THE PROBLEM - Output every entry exactly as written, skipping any pictures.

----

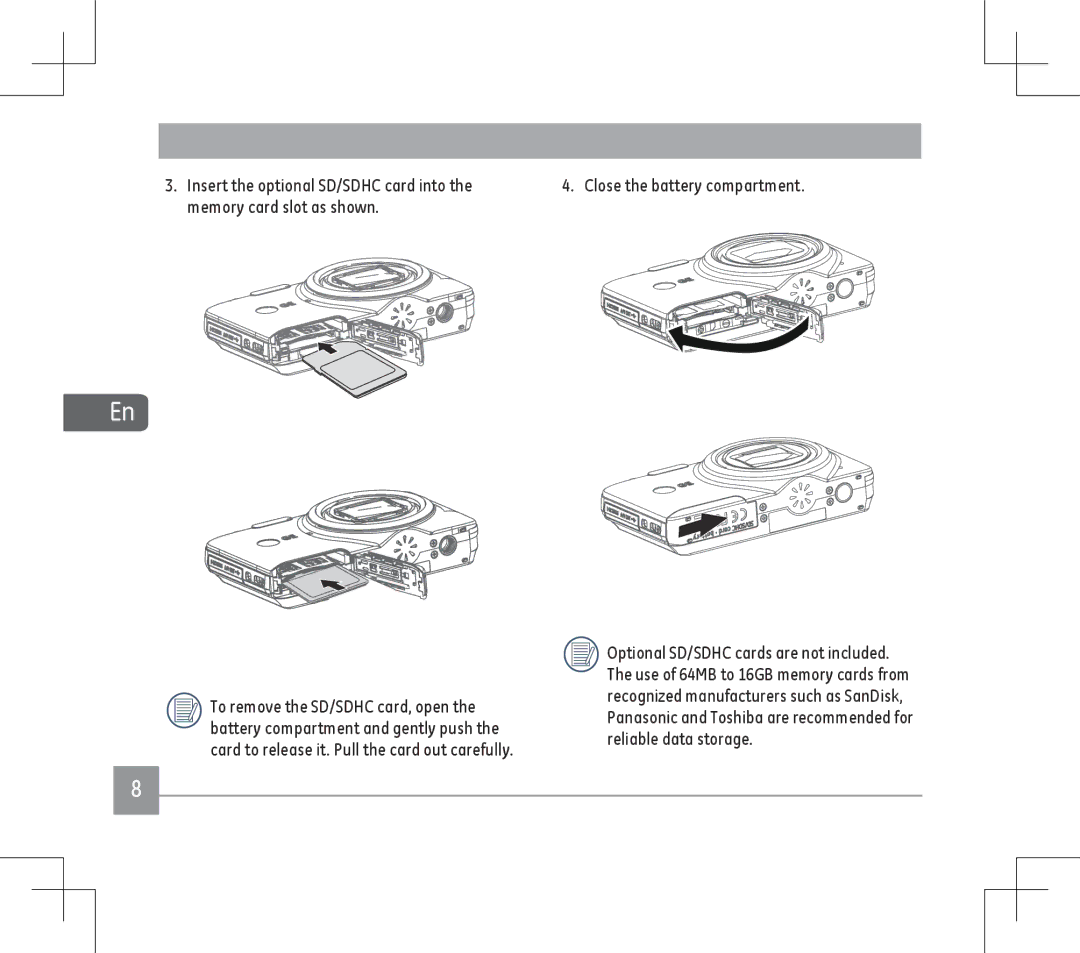 GE E1486TW user manual Close the battery compartment 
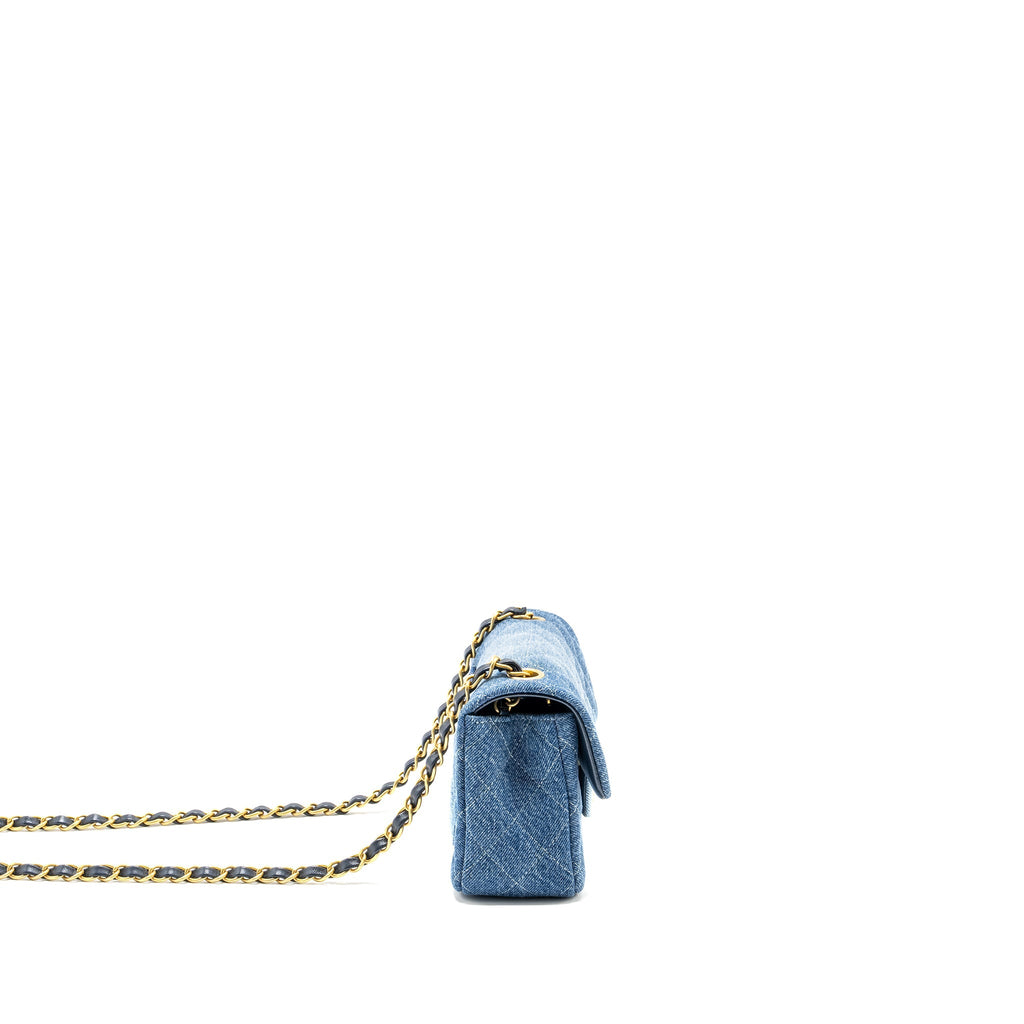 CHANEL 24S MINI RECTANGULAR FLAP BAG DENIM BLUE GHW (MICROCHIP)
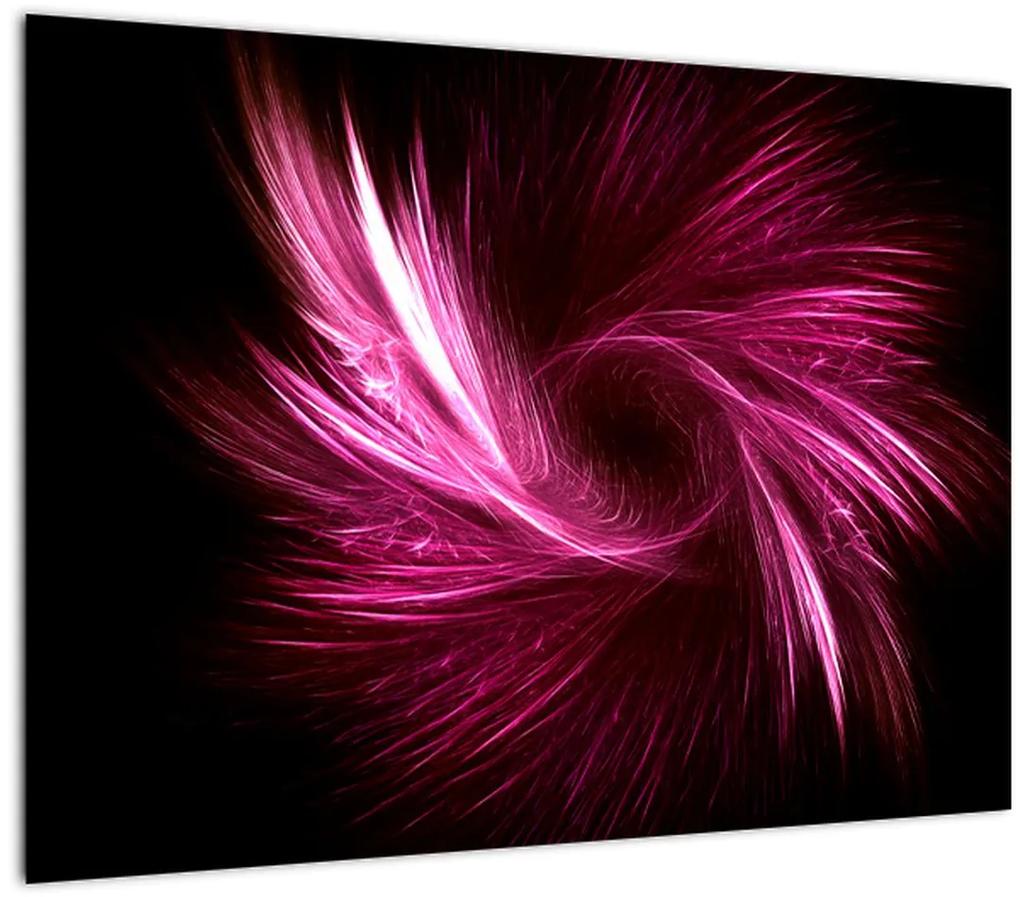 Sklenený obraz - ružová abstrakcia (70x50 cm)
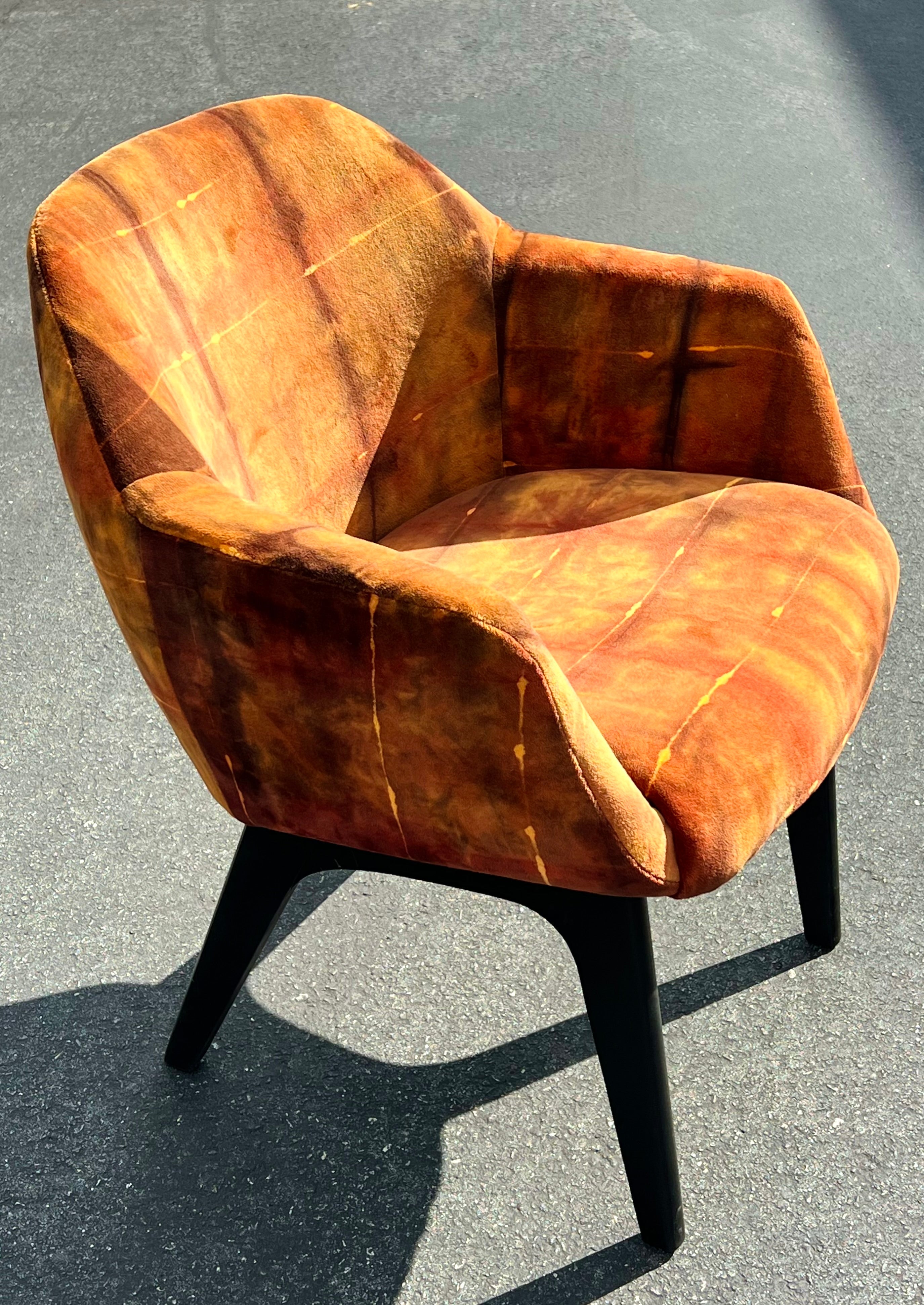 Rust Orange Hand Dyed Accent Mcm Chair (Vintage)
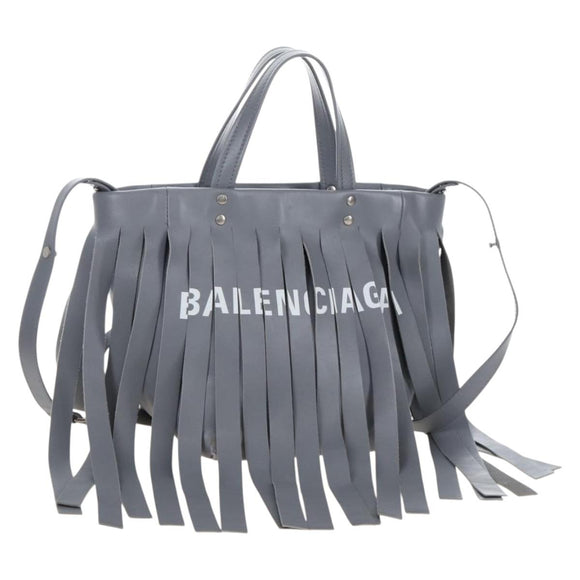 Balenciaga Laundry Cabas Hand Bag Leather 2way Gray Silver 517842 Auth 208407A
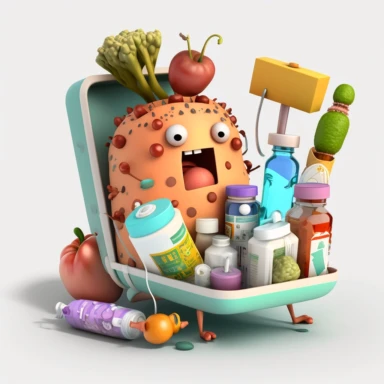 3D Cartoon clipart mascot in form of vegetables hospital full of tubes and receiving artificial nutrition by tube,transparent background, 128K super mega pixel, insane detail, hyper-detailed, with huge details,UHD, 8K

----

EXPECTED ANSWER -
 GE E1486TW user manual Close the battery compartment 
 CHANEL 24S MINI RECTANGULAR FLAP BAG DENIM BLUE GHW (MICROCHIP)
 Sklenený obraz - ružová abstrakcia (70x50 cm)
 Rust Orange Hand Dyed Accent Mcm Chair (Vintage)
 Balenciaga Laundry Cabas Hand Bag Leather 2way Gray Silver 517842 Auth 208407A
 3D Cartoon clipart mascot in form of vegetables hospital full of tubes and receiving artificial nutrition by tube,transparent background, 128K super mega pixel, insane detail, hyper-detailed, with huge details,UHD, 8K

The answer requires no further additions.